It is also critical to understand parents' reasons for their decision of whether or not to circumcise. Thus, a number of additional close-ended questions measured parents' opinions regarding the actual procedure of circumcision as well as how they felt about a number of common beliefs often cited as reasons for circumcising. This scale, originally developed by Binner et al. (2002), which has an overall Cronbach's alpha reliability of .84, made it possible to measure the extent to which respondents felt that the overall benefits outweigh the risks of circumcision. The scale was coded so that lower scores indicate lower levels of “procircumcision” attitudes.
This scale measured attitudes about whether parents believe that: the benefits of circumcision are greater than the risks; fathers who are circumcised should have boys who are circumcised; circumcision will help keep a baby's penis clean; circumcision will decrease cancer of the penis; circumcision will decrease risk of infection of the penis; circumcision will decrease the risk of contracting HIV/AIDS; circumcision is too painful for infants (a reverse-coded variable); and circumcised penises look better than uncircumcised penises. All variables were measured on a five-point Likert scale, from “Completely Disagree” to “Completely Agree.” Although most, but not all, of the statements include language that is biased toward circumcision, it should be noted that parents who did not have a favorable opinion toward the procedure were likely to state that they disagreed with these statements. Responses from each question were included in a principal axis factor analysis, with varimax rotation. As a result, the factor analysis produced two factors, and the eigenvalues for the two rotated factors were 4.0 and 1.1, together explaining 64.0% of the combined variance, as shown in Table 3. Because the analysis controlled for a relatively high percentage of variation, the results remain internally valid despite a small sample size and that such differences in patterns of responses still exist when controlling for other sources of variance.

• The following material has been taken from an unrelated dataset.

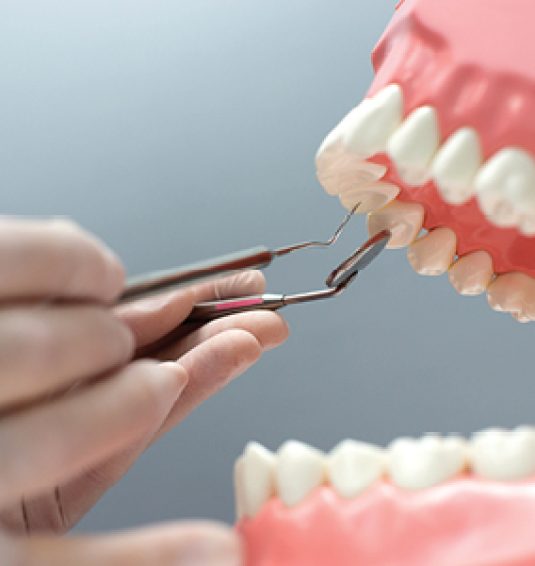 enfermedad-periodental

We labeled the first factor as “cultural,” which consisted of six items in which the majority of responses demonstrate that personal or cultural expectations affect one's opinions regarding circumcision. Beliefs associated with these “cultural” items include: (1) the benefits of circumcision outweigh the risks; (2) fathers who are circumcised should have boys who are circumcised; (3) circumcision will help keep a baby's penis clean; (4) circumcised penises do look better than uncircumcised penises; (5) circumcision is not too painful for infants (the recoded variable); and (6) circumcision will decrease cancer of the penis. The factor analysis demonstrates that if parents believed the benefits of circumcision outweighed the risks, they were also more likely to report that (listed here in rank order): fathers should look like their sons, circumcision assists in cleanliness, circumcised penises look better than uncircumcised ones, circumcision is not too painful for infants, and that circumcision will decrease the risk of penile cancer.
These statements are common arguments given by HCPs and parents alike as to why they believe circumcision to be the “correct” choice. These results also demonstrate that parents tended to think of the (lack of) pain associated with circumcision as well as the risk for penile cancer as cultural information, rather than medical information, although terms like “cancer” and “pain” would seem to refer to medical issues. Thus, perceived medical (e.g., cancer) risks and health promotion (e.g., hygiene) issues are likely to be chosen along with culturally mediated issues (e.g., bodily aesthetics; father/son matching). It may be that a number of perceived health issues are more likely to be shared via nonmedical sources of information when cultural issues are considered by non-HCPs.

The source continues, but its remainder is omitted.